Our #OnePerson for July 2025 is Amara Nwuneli
Amara Nwuneli is a young Nigerian environmental activist, storyteller, and changemaker who is passionate about restoring green spaces and promoting community-led climate action. At just 17, she founded Preserve Our Roots, a youth-led NGO and social advocacy movement focused on environmental restoration, education, and policy influence.
Through Preserve Our Roots, Amara has mobilised young people across Nigeria to take climate action through workshops, clean-ups, documentaries, and hands-on community projects. Whether it’s leading beach clean-ups, tree-planting drives, or youth activism boot camps, her goal is to make climate action practical, accessible, and part of everyday culture and policy.
In 2025, Amara won the Africa regional prize of The Earth Prize, a global environmental sustainability competition for teenagers. Her project turned a waste dump in Ikota, Lagos into a community playground built from recycled tyres, metal scraps, and reclaimed wood. The playground is now a lively space where children can play and learn. She also planted over 300 flood-resistant trees and led environmental workshops for the local community.
Her vision is to expand this model across Lagos and eventually build a Central Park dedicated to recreation, learning, and environmental awareness.

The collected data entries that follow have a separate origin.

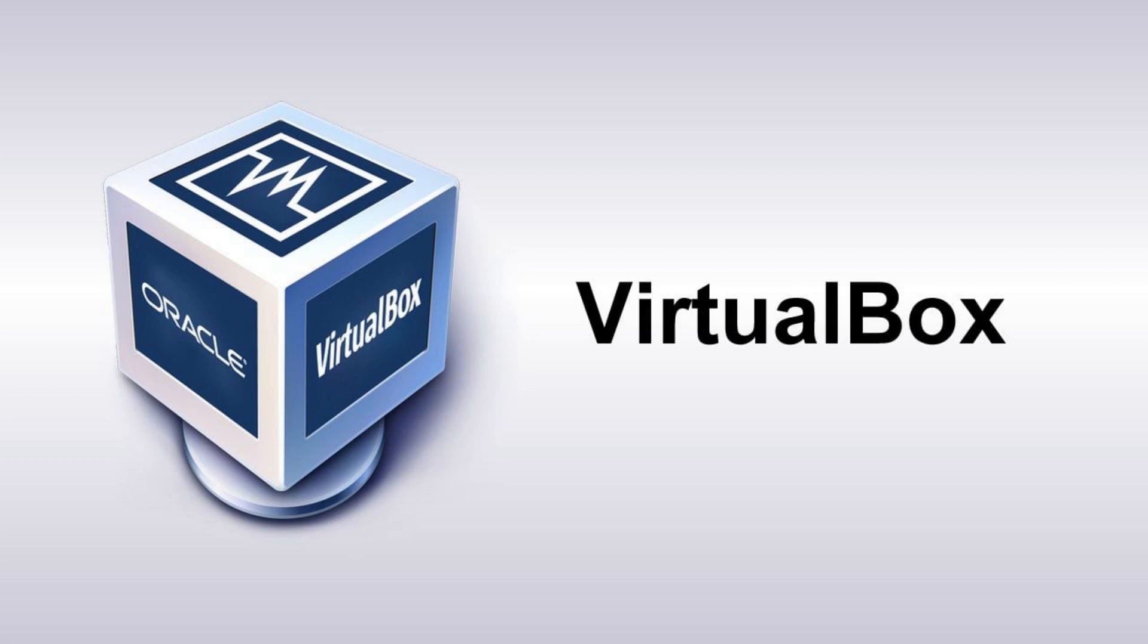You can also try BSD, Haiku, ReactOS, FreeDOS, and other systems in VirtualBox. The only OS you cannot use in it is Mac OS. And I have seen many tutorials on how to install Mac OS. Let me tell you, it fails almost every time. So if you want to try Mac, you're out of luck unless you have the money to buy one.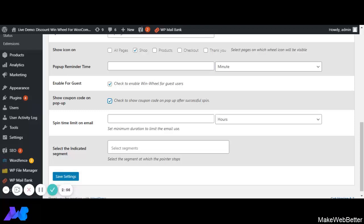If we have enabled this option and a customer has won on a successful spin, the coupon code will be displayed on the Discount WinWheel pop-up with the message. Next is Spend Time Limit on Email. If we set the limit to one hour, then after a user has already entered their email ID for the spin wheel, the same user cannot try the WinWheel again until that one-hour period has passed.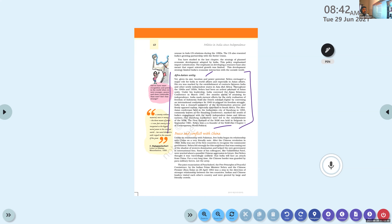Nehru had always been an advocate of Asian unity. Under his leadership, India convened the Asian Relations Conference in March 1947 — the same year India got independence, five months ahead of that. India also made earnest efforts for the early realization of freedom of Indonesia from Dutch colonial rule, by convening an international conference in 1949. India was a strong supporter of the decolonization process and helped a number of countries get independence.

Amara’s work also spans storytelling and the arts. She wrote the book For We Are Curious, published in December 2022. She directed documentaries including Behind Your Screens, featured in an international youth ocean awareness contest in 2024, and her award-winning documentary The Heat of Change, which premiered in December 2023 and was named first runner-up in the Best Documentary category at the Xposure International Film Awards.
She has featured in the Netflix film Coming From Insanity, crafted policy proposals on climate-resilient infrastructure with her Senate group, and interned across law, media, and publishing firms. She also mentors underprivileged youth, fundraises for displaced communities, and hosts leadership camps.
Her work brings together creativity, advocacy, culture, history, and policy rooted in lived experience.
Amara’s story shows that leadership is not about age. It is about courage, creativity, and action. She has turned waste into opportunity and is inspiring a movement built on hope, learning, and transformation.
Let us celebrate Amara Nwuneli as proof that one person can make a difference and inspire others to do the same.